A partida estava disputada, até que chegou aquela hora. Para quem pensa que os nossos jogos não são pra valer, tinha que estar na minha pele (ou na minha barriga) para saber o impacto que eu senti. O chute forte me derrubou.
Fiquei deitado na quadra e só sentia a dor.
Ninguém gosta de ser atingido assim, ainda mais com uma bolada daquelas.

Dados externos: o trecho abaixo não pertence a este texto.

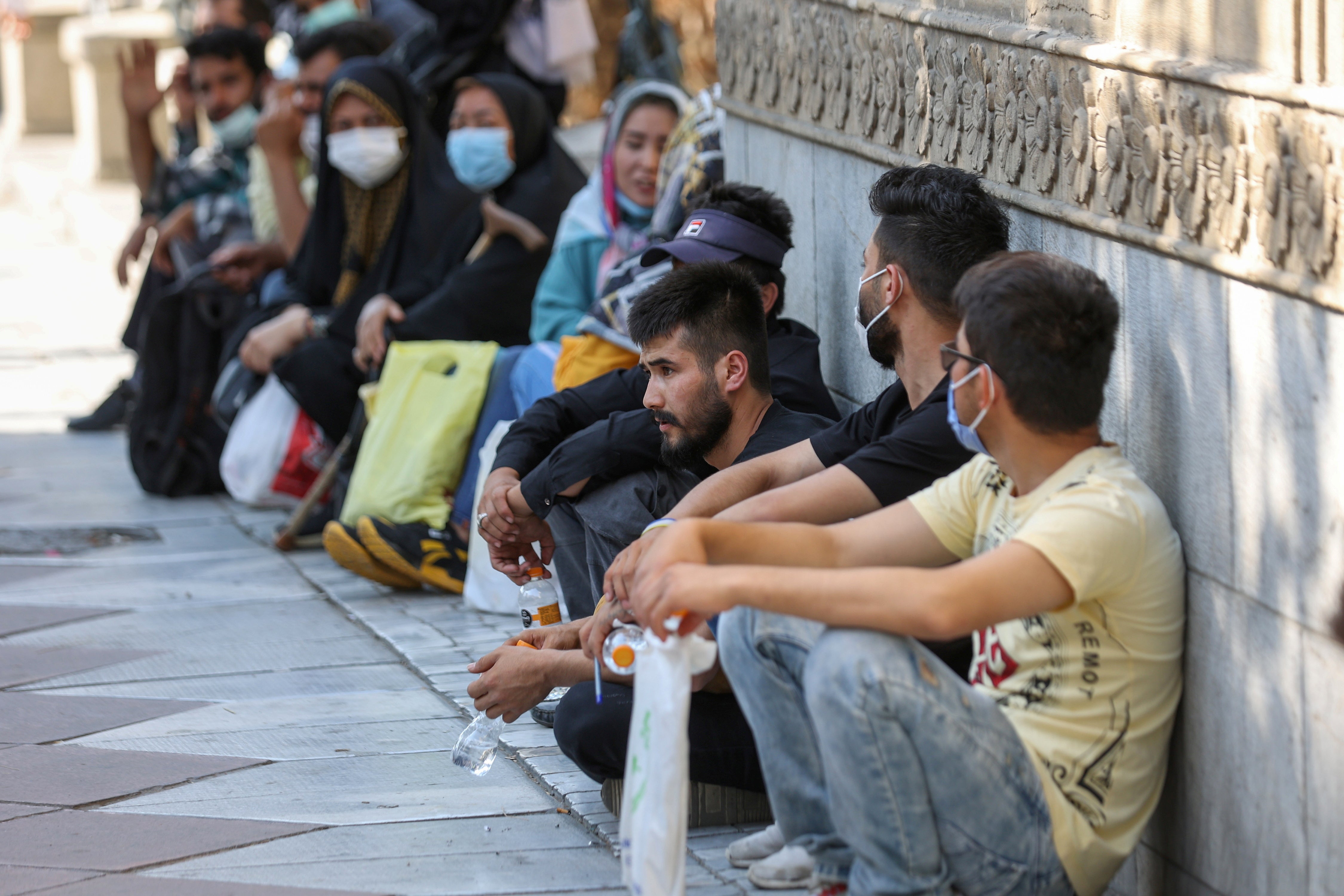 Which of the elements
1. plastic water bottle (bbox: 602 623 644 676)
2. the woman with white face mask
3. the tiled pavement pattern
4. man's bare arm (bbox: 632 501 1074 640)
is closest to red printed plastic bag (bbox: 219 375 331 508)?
the woman with white face mask

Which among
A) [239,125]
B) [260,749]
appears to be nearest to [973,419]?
[260,749]

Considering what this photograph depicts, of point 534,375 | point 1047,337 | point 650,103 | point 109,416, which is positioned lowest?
point 109,416

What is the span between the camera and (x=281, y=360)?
6.46 meters

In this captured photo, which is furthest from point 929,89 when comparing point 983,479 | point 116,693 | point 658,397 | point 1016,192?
point 116,693

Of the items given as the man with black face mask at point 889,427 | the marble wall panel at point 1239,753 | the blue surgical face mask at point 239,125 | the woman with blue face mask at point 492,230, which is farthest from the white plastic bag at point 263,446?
the marble wall panel at point 1239,753

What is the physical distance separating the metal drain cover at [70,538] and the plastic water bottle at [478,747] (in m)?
3.19

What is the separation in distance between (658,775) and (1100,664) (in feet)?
2.48

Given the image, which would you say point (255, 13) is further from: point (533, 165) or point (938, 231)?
point (938, 231)

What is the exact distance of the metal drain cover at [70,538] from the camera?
21.1ft

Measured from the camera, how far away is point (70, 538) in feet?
21.7

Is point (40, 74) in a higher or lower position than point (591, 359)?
higher

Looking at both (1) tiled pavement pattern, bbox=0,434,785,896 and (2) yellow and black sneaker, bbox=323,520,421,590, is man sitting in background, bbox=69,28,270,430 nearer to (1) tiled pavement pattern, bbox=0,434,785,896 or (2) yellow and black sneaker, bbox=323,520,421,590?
(1) tiled pavement pattern, bbox=0,434,785,896

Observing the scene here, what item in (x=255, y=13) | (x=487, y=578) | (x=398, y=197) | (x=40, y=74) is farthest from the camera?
(x=40, y=74)

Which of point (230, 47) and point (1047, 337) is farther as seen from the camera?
point (230, 47) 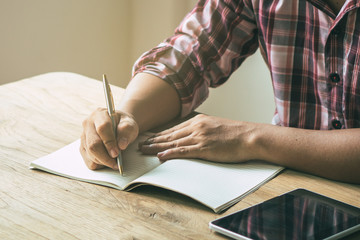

Mas é esse tipo de coisa que acontece com quem joga no gol.
Eu nunca te perguntei, mas acho que você, Cleiton, percebeu ali, no meu olhar, que as coisas não tinham de ser sofridas daquele jeito.
Nesse intervalo, eu treinava na Escolinha de Futebol Meninos da Vila e foi quando vocês me convidaram para integrar a equipe do Corinthians.
Ah, sim, me lembro até hoje de suas palavras:
“Ô, japonês, você não vai ser goleiro nem aqui nem na China!” kkkk
Ai que eu entendi que você me queria em outra posição. Que eu deveria jogar como fixo — e que ser goleiro não era minha verdadeira vocação.
Eu não fazia ideia se daria certo. Mas, de algum modo, você sabia, Cleiton. E me fez acreditar que era possível.
Mas calma que nem tudo foi tão simples como parece agora. Ser goleiro, eu sabia, não era fácil. Só que ser treinado por você, Cleiton, era mais complicado ainda.
Pensando bem, acho que foi isso que fez meus pais se convencerem, pois isso também era meu desejo e foi uma decisão em família.
E acredito que as palavras que fizeram com que eles aceitassem a proposta não foram de conforto ou suavidade. Acho que eles gostaram mesmo foi de você ter dito que me trataria como um jogador em formação. Com estímulo, mas sem deixar de cobrar.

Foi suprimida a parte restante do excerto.